As if the economy and the sad state of his favorite sports team weren't enough, a man now has something new to cry about. The movie Antwone Fisher opened late last month, and all over the country men are honking into their handkerchiefs as the movie ends with a crawl saying, "In memory of my father ... "
The film is a virtual fatherfest, with Denzel Washington (who also directed) playing a psychiatrist-father figure to the title character, a mixed-up (and fatherless) Navy seaman played by Derek Luke. One surefire audience grabber occurs at a Thanksgiving dinner, when the seaman recites a poem that begins, "Who will cry for the little boy?" Later the manly psychiatrist (who has no children himself) tells Antwone, "I love you, son." And a scene at the end that includes a grandmother sitting at a groaning table and croaking, "Welcome," is bound to choke up any holdouts.
"That one gets everyone," said Joy Bryant, who plays Antwone's love interest.

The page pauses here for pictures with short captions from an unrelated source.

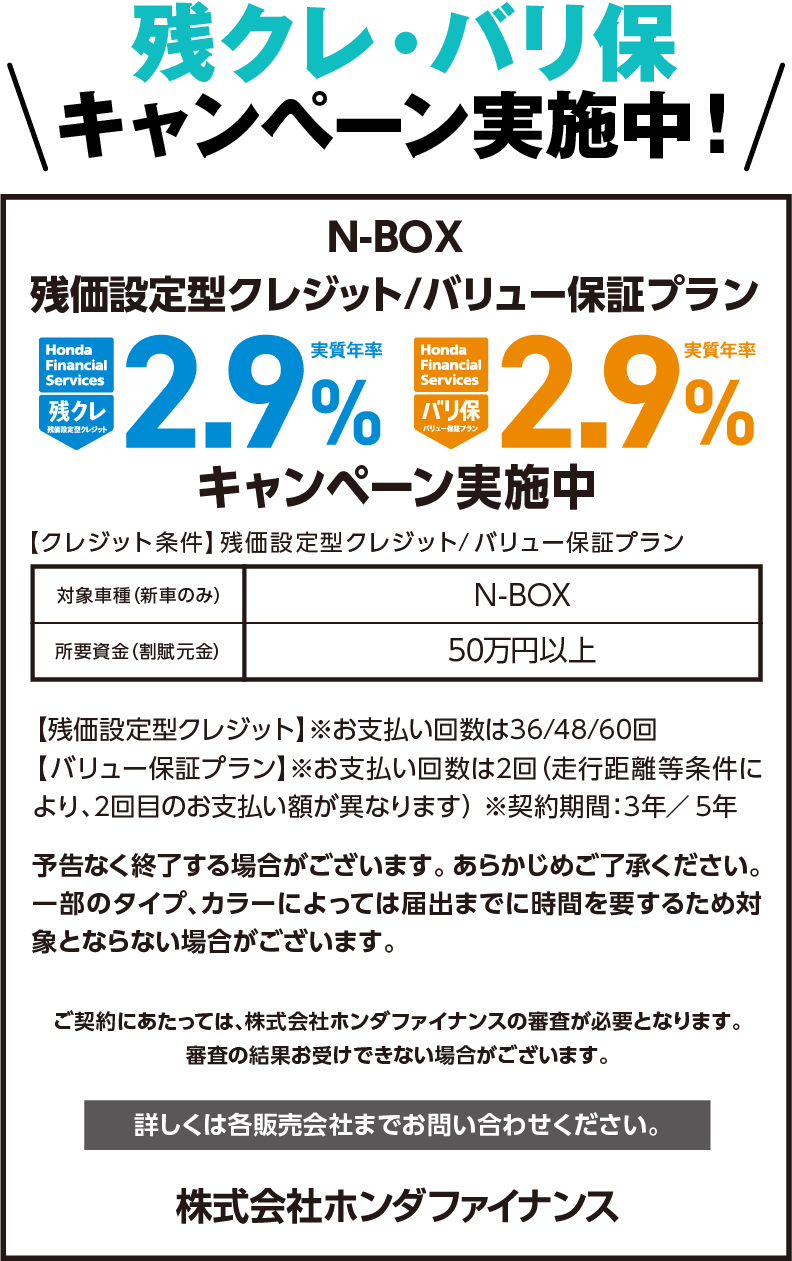 N-BOXにキャンペーン実施中！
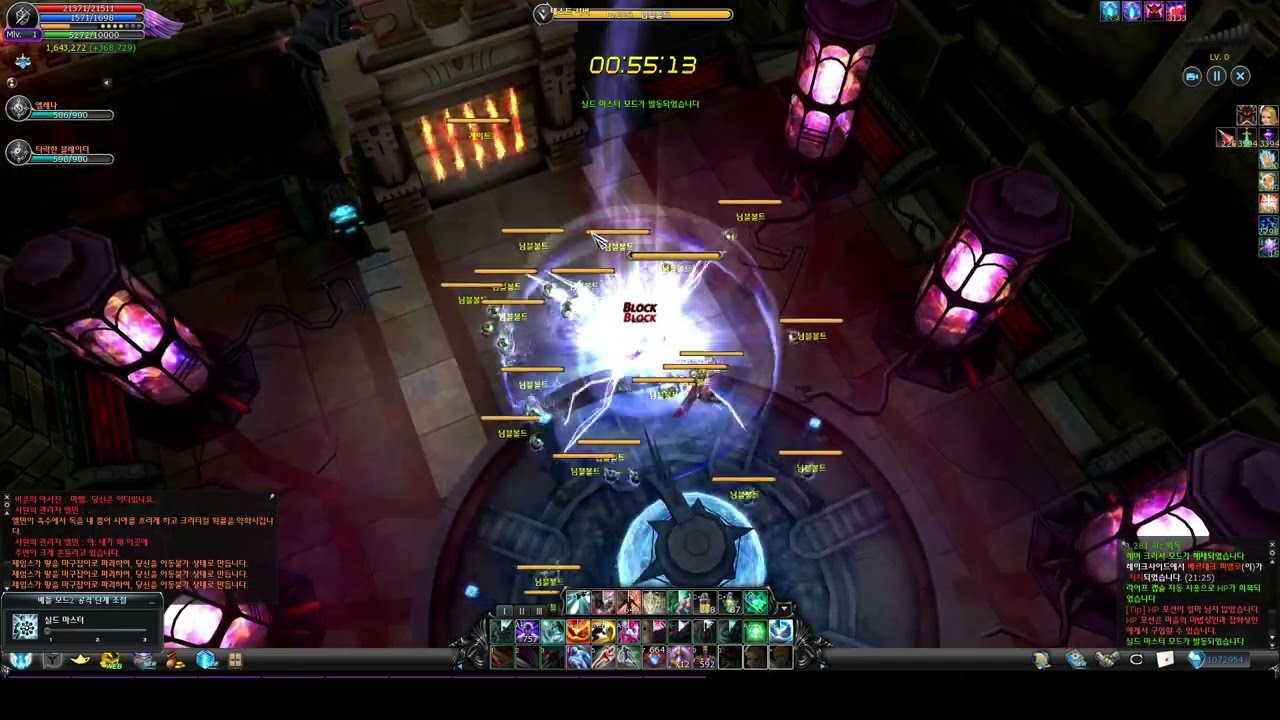 Cabal KR Force Shield MAX POWER + SAINT FORCE + Dragon Set Eu7 solo FT3 NEW EP 36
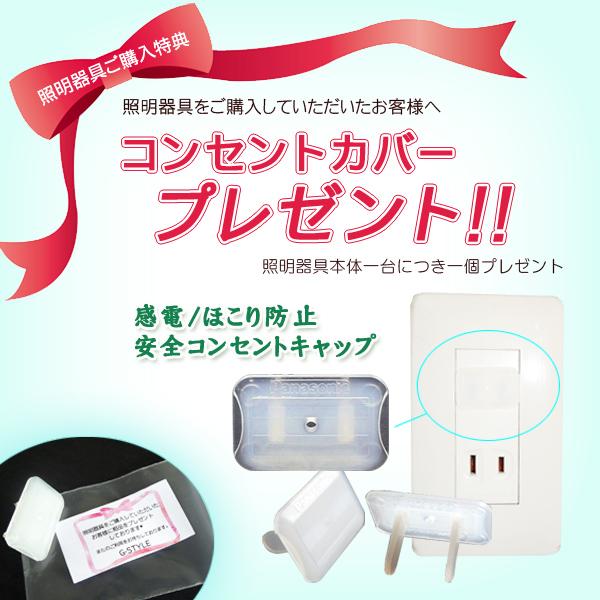 無料プレゼント対象商品! オーデリック ODELIC 【和風 照明 ペンダント 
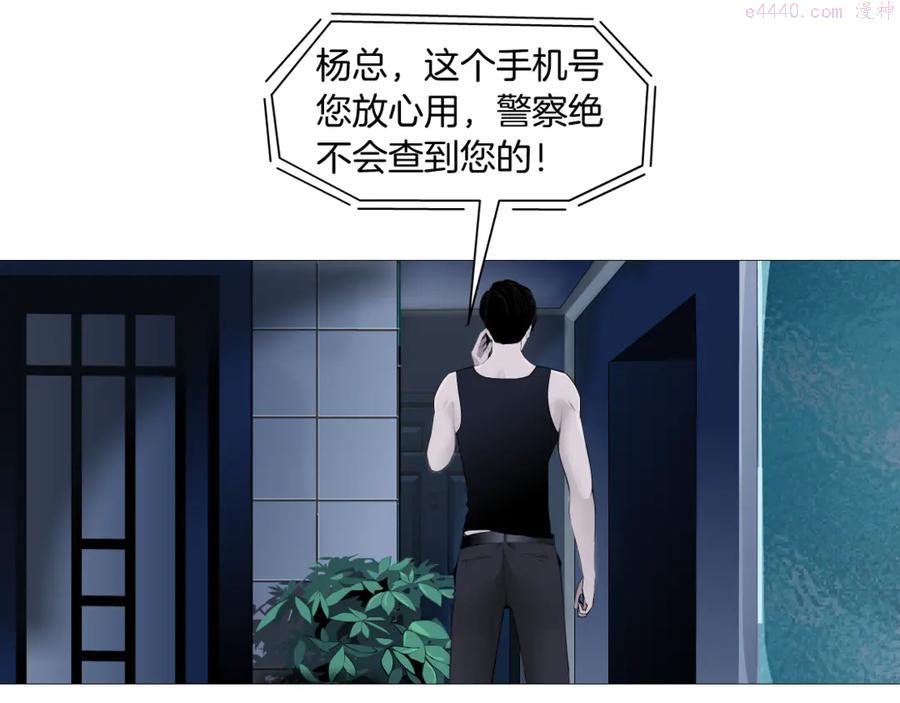 第137话 遗愿4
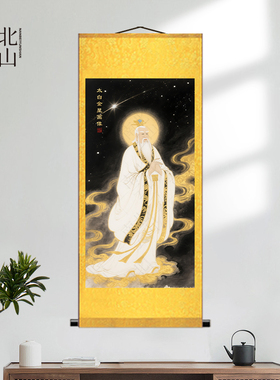 太白金星画像星君神像招财纳福画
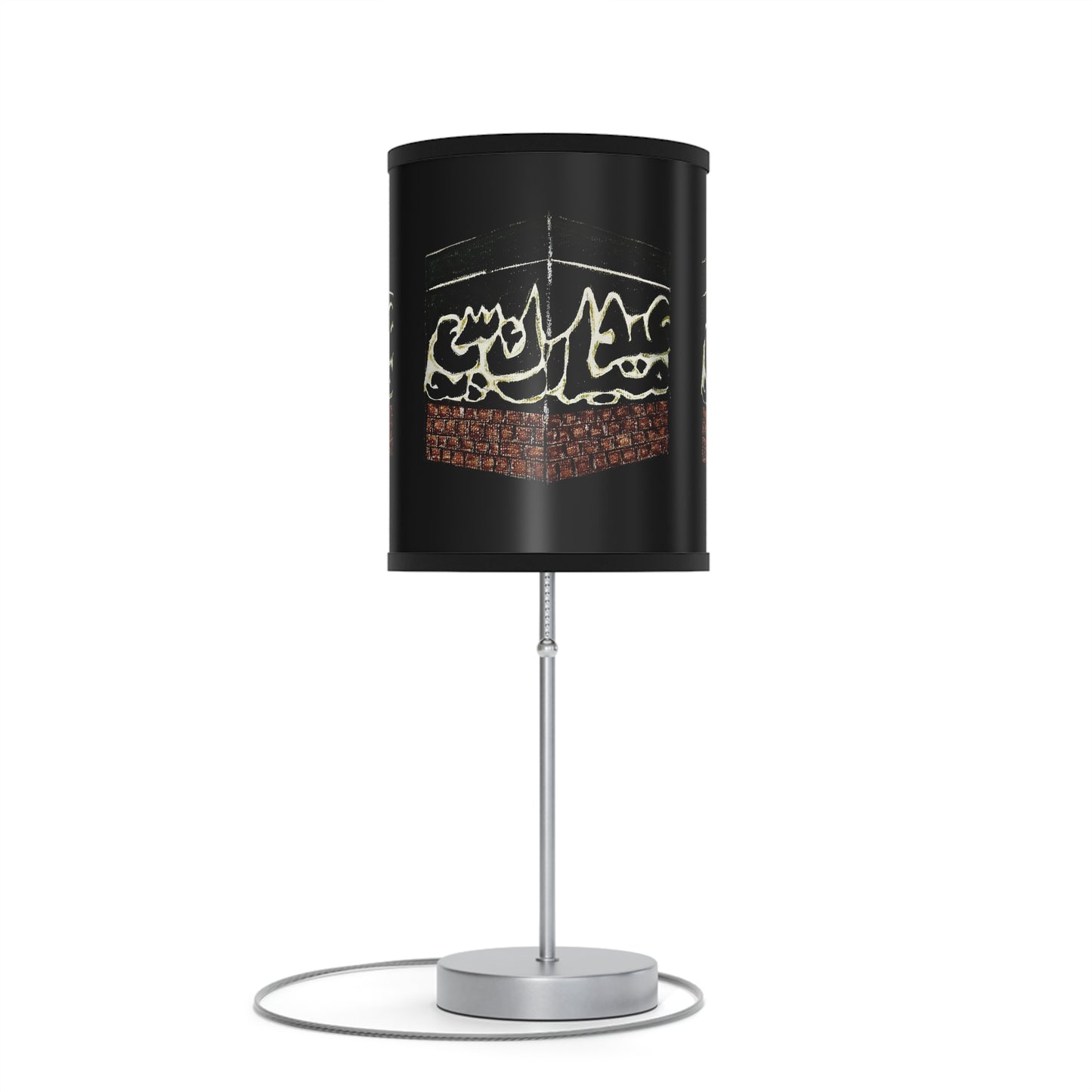 Artistic Table Lamp with Islamic Design | Unique Home Decor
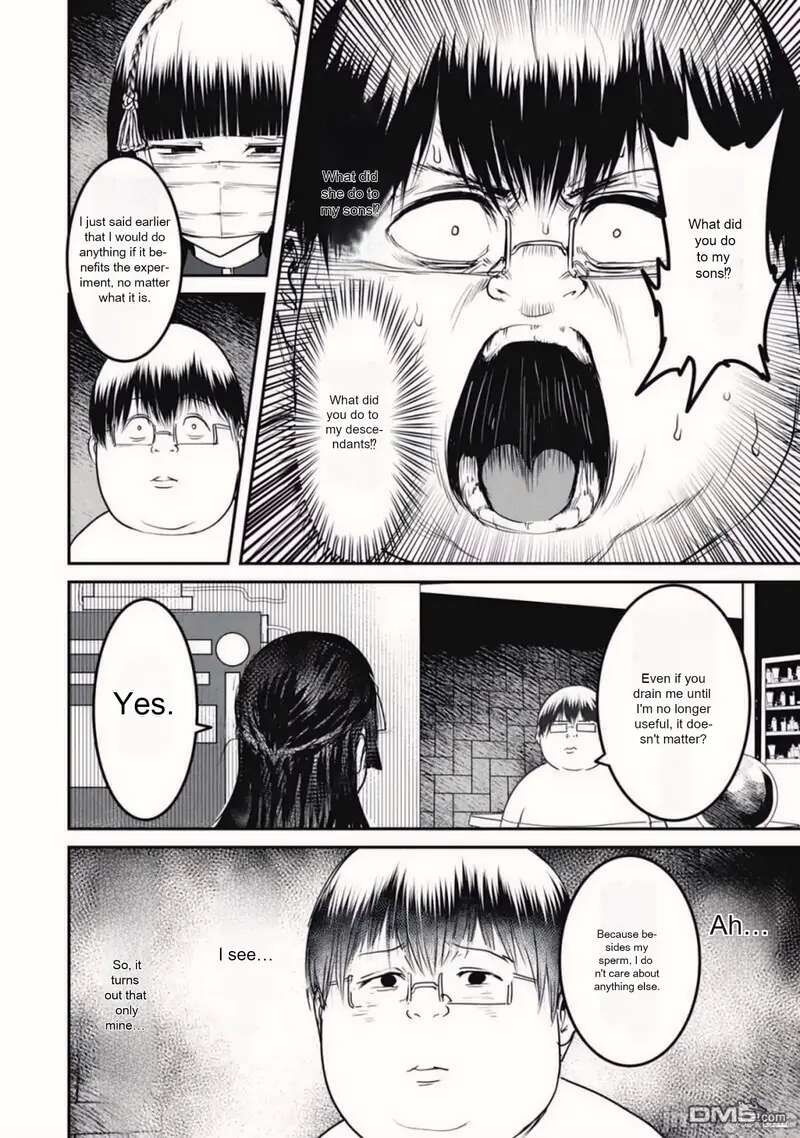 Kokan Musou Kiraware Yuusha Wa Mazoku Ni Aisareru 19 16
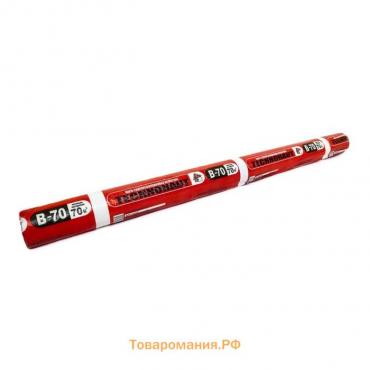 Гидро-пароизоляция TECHNOHAUT B70-70, 70 м2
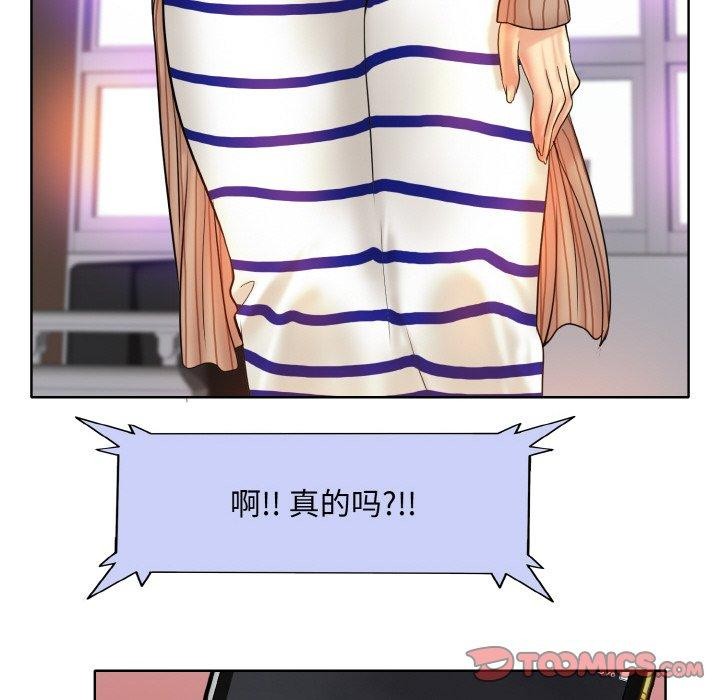 《一杆入洞》漫画 最終話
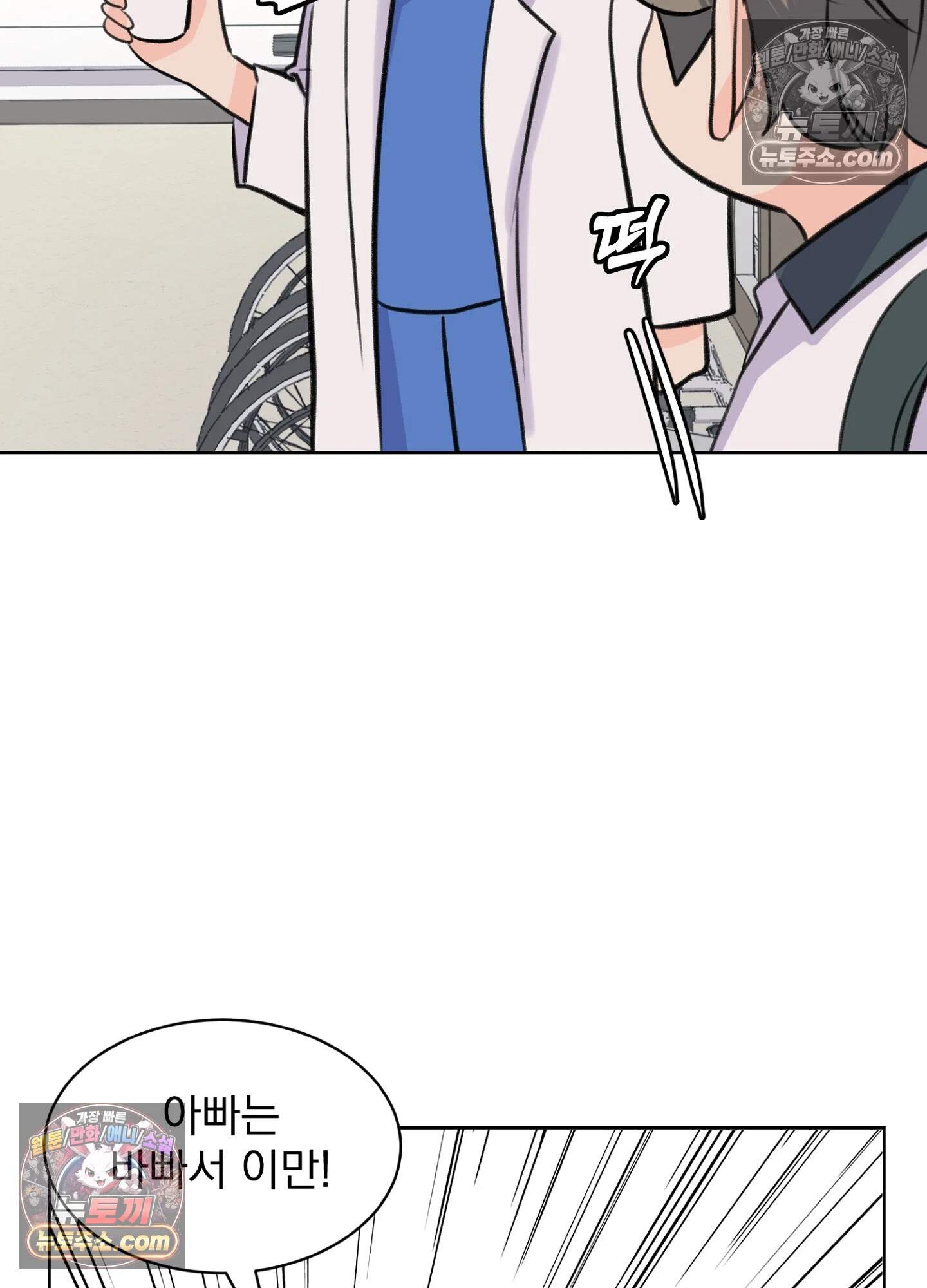 집사가 되어줘 46화 69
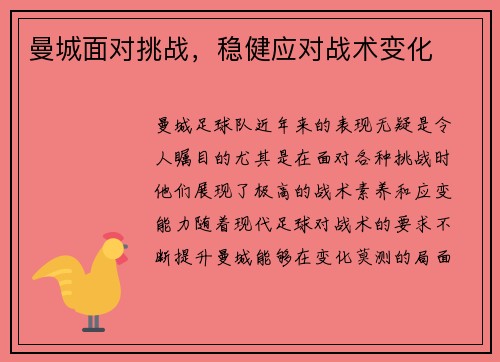 曼城面对挑战，稳健应对战术变化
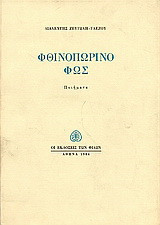 Φθινοπωρινό φως: Ποιήματα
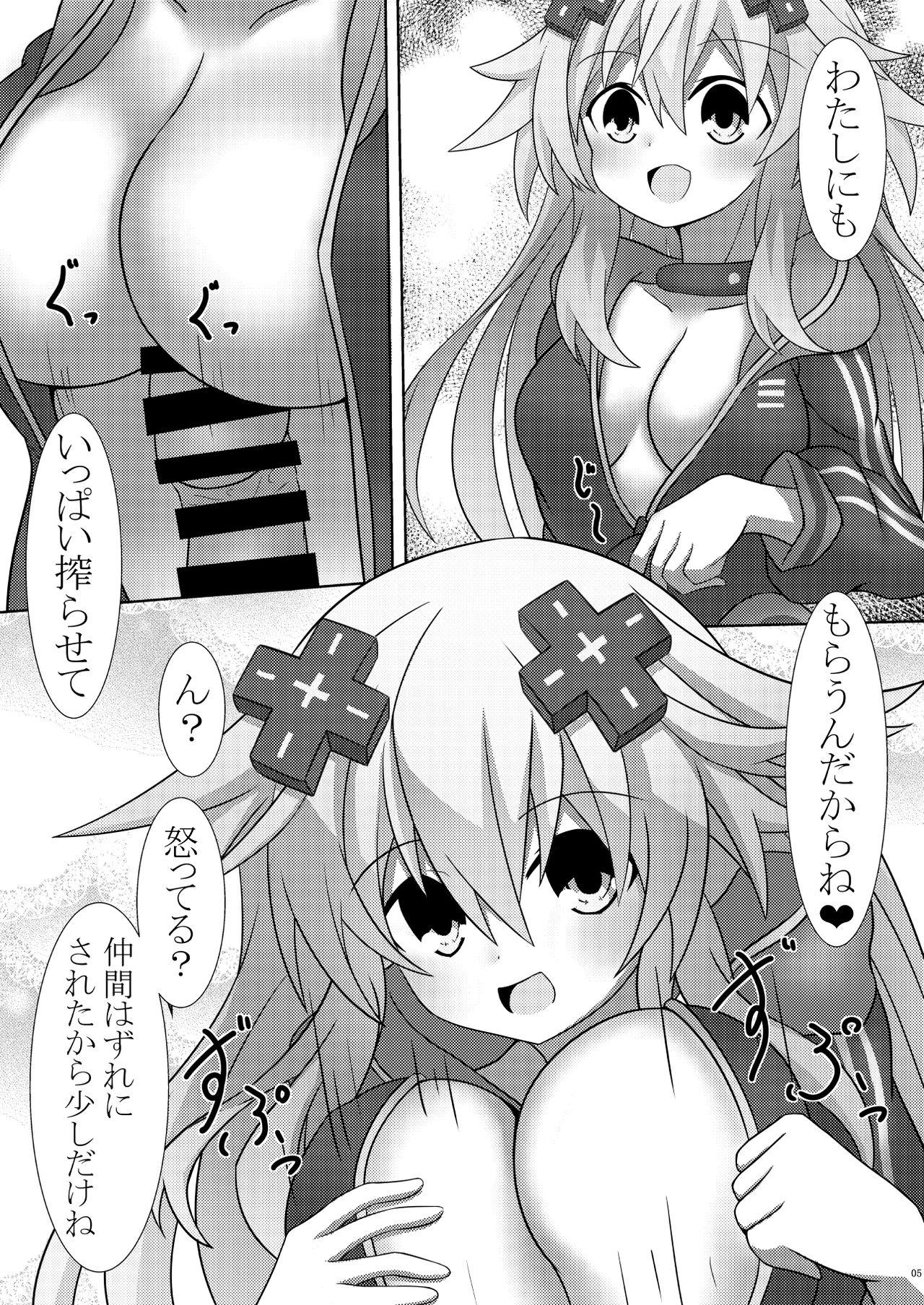 Nep x 2 na Nichijou page 7 full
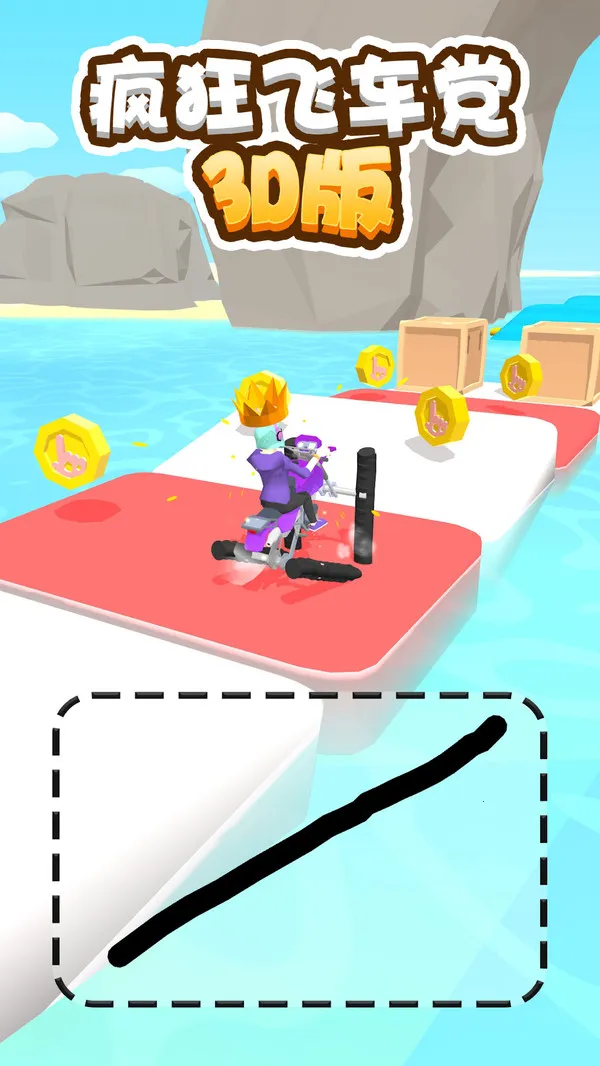 ���ɳ���2026�ٷ����°汾v2.0.1 ��׿���ͼ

She watched the movie in a screening room with a group of men. "Men kind of have this shifting-in-the- seats thing, a lot of umm-umm, frog-in-the-throat to keep from crying," she said. "And some men really bawled. One big manly celebrity, a young cute stud, came up to me with his eyes bloodshot. He said, 'I tried to hold it in, and I couldn't take it anymore -- wah!' "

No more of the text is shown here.